The Player Video Computer Vision Analysis app solves that problem by providing pose analysis outputs to any video. Take a look at the clip below, where the app analyses this YouTube video in real-time and adds landmarks to the figure of two-time MVP Steve Nash’s free throw form.
The outputs can be quantified, displayed, and analyzed, to learn how the best do what they do, or to identify your own players’ potential sources for improvement.
If you’re looking to identify the perfect free throw form from another two-time league MVP, see how we can map Elena Delle Donne’s form.
Steph Curry is quantifiably the best three-point shooter in NBA history. Sometimes, the “eye-test” doesn’t lie. Case-in-point: this legendary practice session.
The same app can easily be adapted to utilize videos from a webcam, or to compare two videos. The real-time nature of these outputs makes it ideal for training sessions, or to see if a player’s in-game mechanics start to falter under pressure or fatigue.
Maybe it could even be used to help quantify degrees of difficulties in dunk contests. (Aaron Gordon was robbed, for the record.)
Click the above links to see analysis in action!
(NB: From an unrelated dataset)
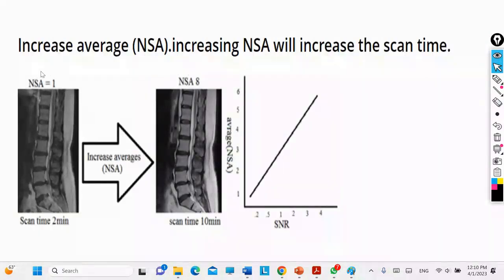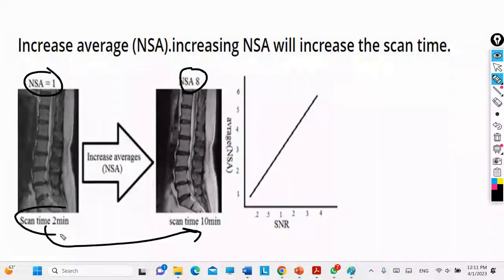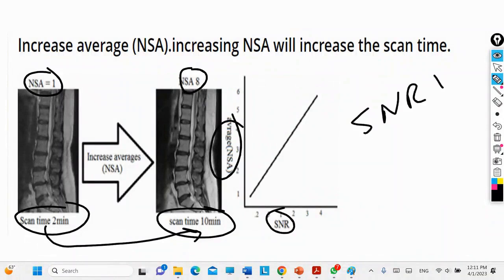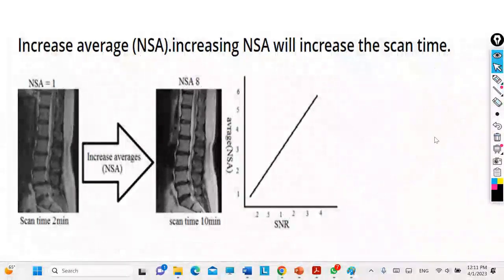Here you have the number of excitations set to one, and here it is set to eight. Based on image quality, the one with eight excitations is clearly better. However, the scan time increases significantly — for example, from two minutes to a much longer duration. Increasing NEX will make the image overall smoother, but it will come at the cost of scan time.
Or enter a YouTube URL on the app to track your favorite player’s kinesthetics!
1% of humans can dunk a basketball. 1% of humans can race a car at 200 mph. 1% can throw a 95 mph fastball. 1% can hit that fastball 425 ft for a homerun. You and I may only be able to imagine these feats of athletic prowess. Yet it is the power of our mind’s eye that allows us to create tools like the ones we just examined!
Sports Analytics combined with Data Visualization and powered by Plotly’s Dash Enterprise takes what our coaches, players, trainers, and executives can imagine, and transforms it into science. That science can help us achieve victory!
Maybe one day you’ll be able to visualize yourself lifting your team’s championship trophy high above your head for the world to see.